ECLI:NL:CRVB:2024:343
Centrale Raad van Beroep
- Hoger beroep
- Rechtspraak.nl
Beoordeling van de arbeidsongeschiktheid van appellant in het kader van de Wet WIA
In deze zaak heeft de Centrale Raad van Beroep op 21 februari 2024 uitspraak gedaan in het hoger beroep van appellant tegen een besluit van het Uitvoeringsinstituut werknemersverzekeringen (Uwv) over de mate van arbeidsongeschiktheid. Appellant, die zich op 12 september 2016 ziekmeldde met maag-, buik- en vermoeidheidsklachten, had eerder een loongerelateerde WGA-uitkering ontvangen.
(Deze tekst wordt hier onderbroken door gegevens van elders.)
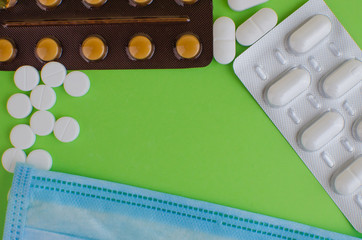 Text phrase Coronavirus on a green background with medicines and protective masks. Novel...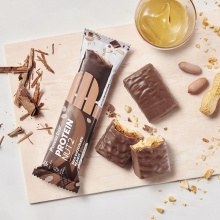 PowerBar Eiweissriegel Protein Nut2 Milchschokoladenkuvertüre/Karamell-Erdnuss 12x45g Box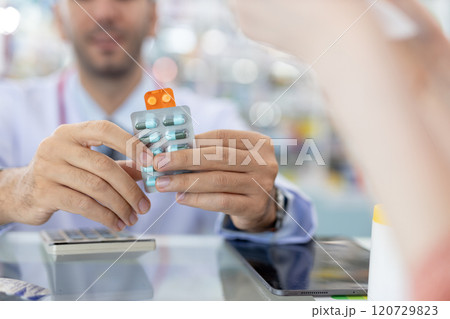 Man pharmacist holding medicine capsule blister pack at counter dispensing medicine in pharmacy drugstore. Dispensing medication to patients. Man pharmacist holding medicine capsule blister pack at counter dispensing medicine in pharmacy drugstore. Dispensing medication to patients. 120729823
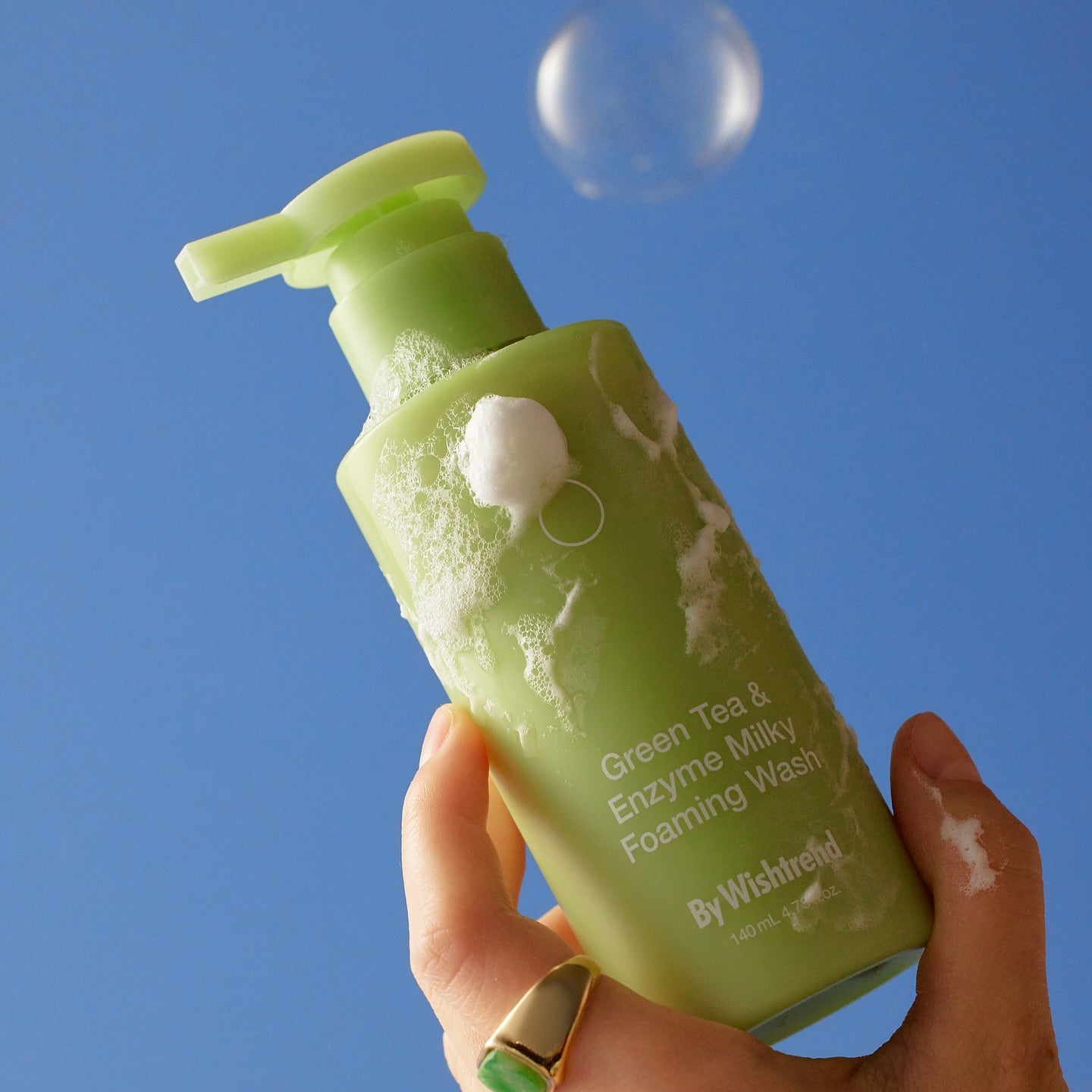 BY WISHTREND Green Tea & Enzyme Milky Foaming Wash 140ml : flacon vert en main, mousse sur fond bleu.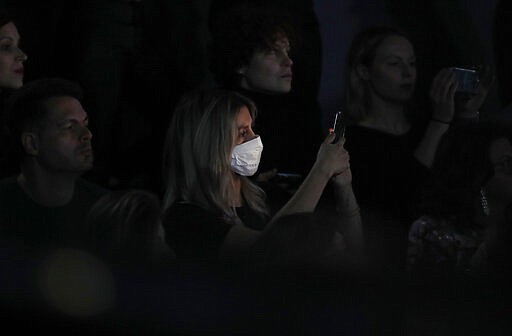 FILE - In this Feb. 23, 2020, file photo, a woman wearing a sanitary mask takes photos during the Dolce &amp; Gabbana women's fall-winter 2020-21 show, in Milan, Italy. Italian Premier Giuseppe Conte's decision to lock down his entire country brought some welcome clarity to life in Italy after weeks of uncertainty about how to behave in a time of coronavirus, according to Associated Press reporter Colleen Barry. (AP Photo/Antonio Calanni, File)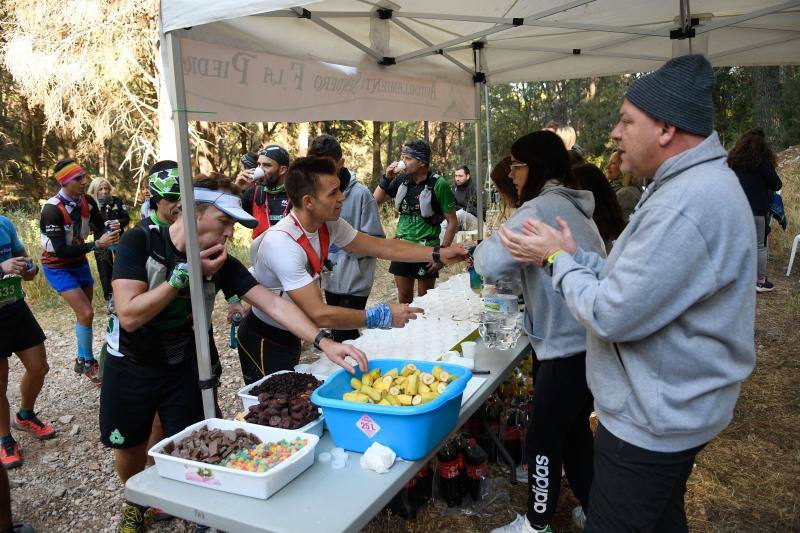 Imágenes de la 18ª edición del mítico recorrido por la sierra alhaurina donde han participado un total de 1.450 corredores 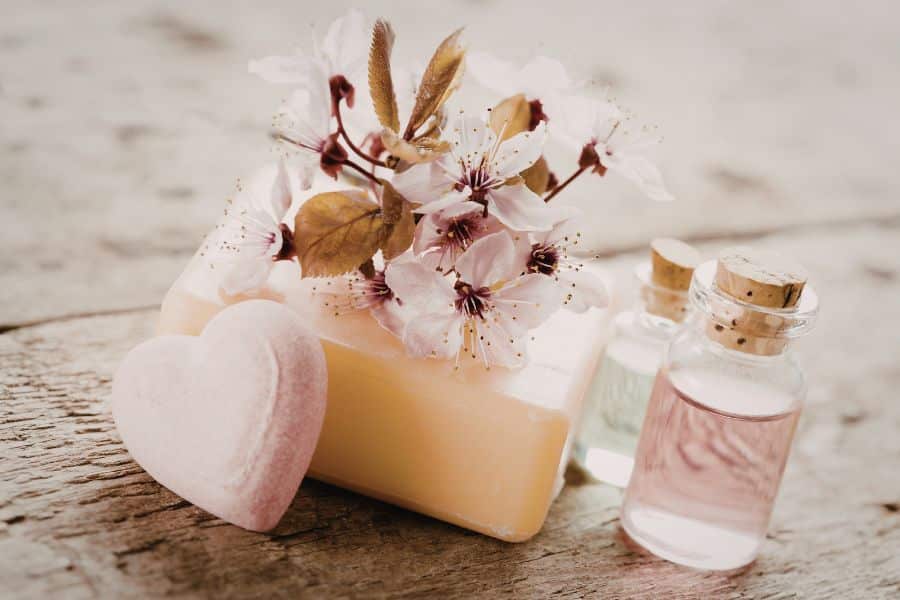 Natural bar of soap topped with delicate pink blossoms beside small glass bottles of bath oil on a rustic wooden surface. The soft floral arrangement highlights gentle, plant based skincare as a soothing alternative to products that may contain harmful toxins.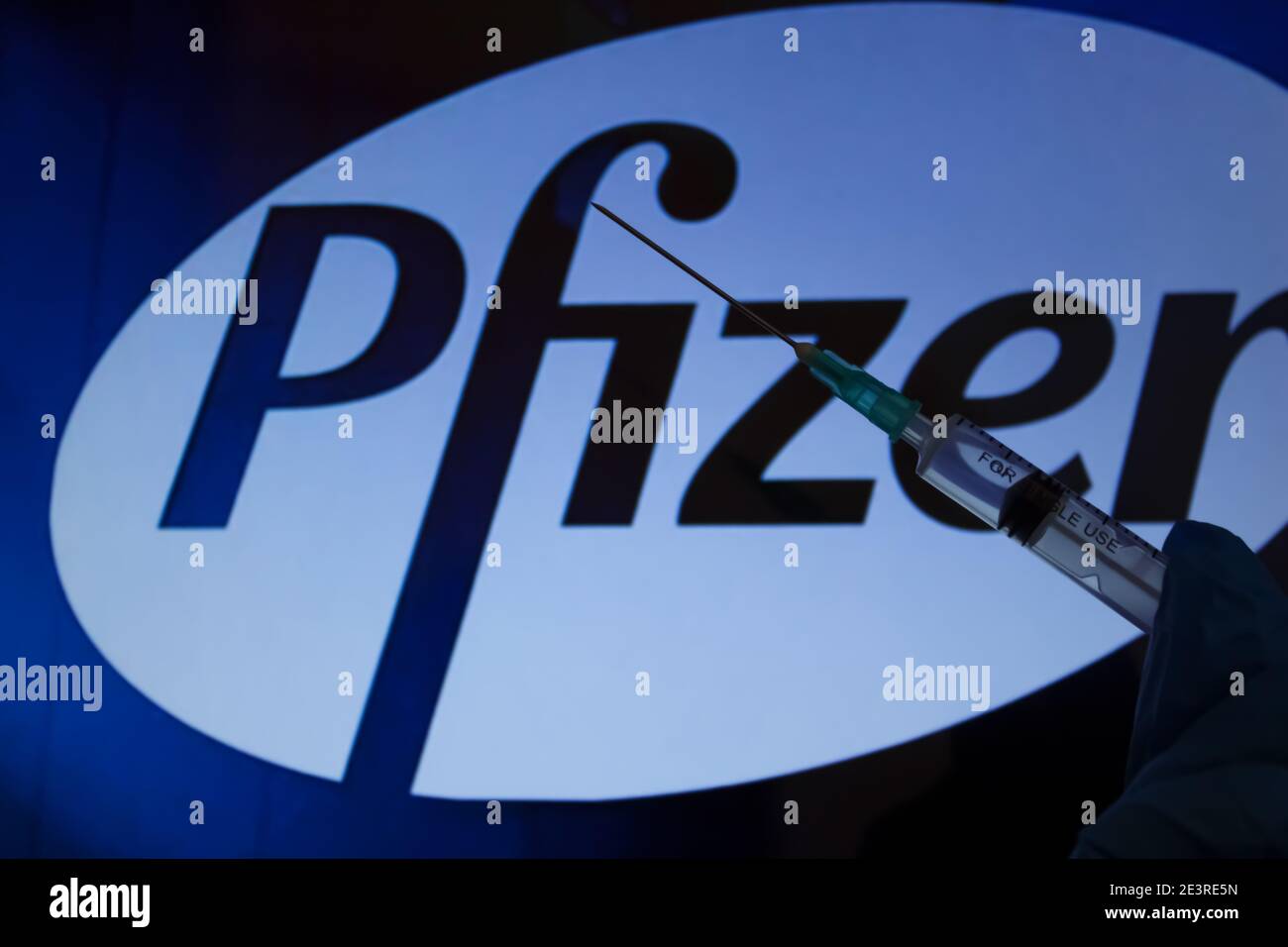 Concept du vaccin Covid-19. Aiguille de seringue, logo Pfizer sur l'arrière-plan. Concept de vaccination contre le coronavirus. Banque D'Images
Het Uwv had de mate van arbeidsongeschiktheid per 1 juni 2022 vastgesteld op 54,85%. Appellant was het niet eens met deze vaststelling en stelde dat zijn beperkingen groter waren dan door het Uwv aangenomen. Hij voerde aan dat zijn medische klachten sinds 2022 waren toegenomen en dat hij niet in staat was de geselecteerde functies te vervullen. De Raad heeft de zaak behandeld op een zitting op 10 januari 2024, waar appellant en een vertegenwoordiger van het Uwv aanwezig waren.
De Raad heeft de argumenten van appellant in hoger beroep beoordeeld en geconcludeerd dat de rechtbank terecht het bestreden besluit in stand heeft gelaten. De Raad oordeelde dat het medisch onderzoek door het Uwv zorgvuldig was uitgevoerd en dat de (verzekerings)artsen de klachten van appellant op een deugdelijke wijze hadden betrokken bij hun beoordeling. De Raad onderschreef de conclusie van de rechtbank dat er geen aanleiding was om te twijfelen aan de juistheid van de medische beoordeling en dat de geselecteerde functies voor appellant geschikt waren. Het hoger beroep van appellant werd dan ook afgewezen, en de Raad bevestigde de uitspraak van de rechtbank, waardoor de WGA-vervolguitkering per 1 juni 2022 ongewijzigd bleef.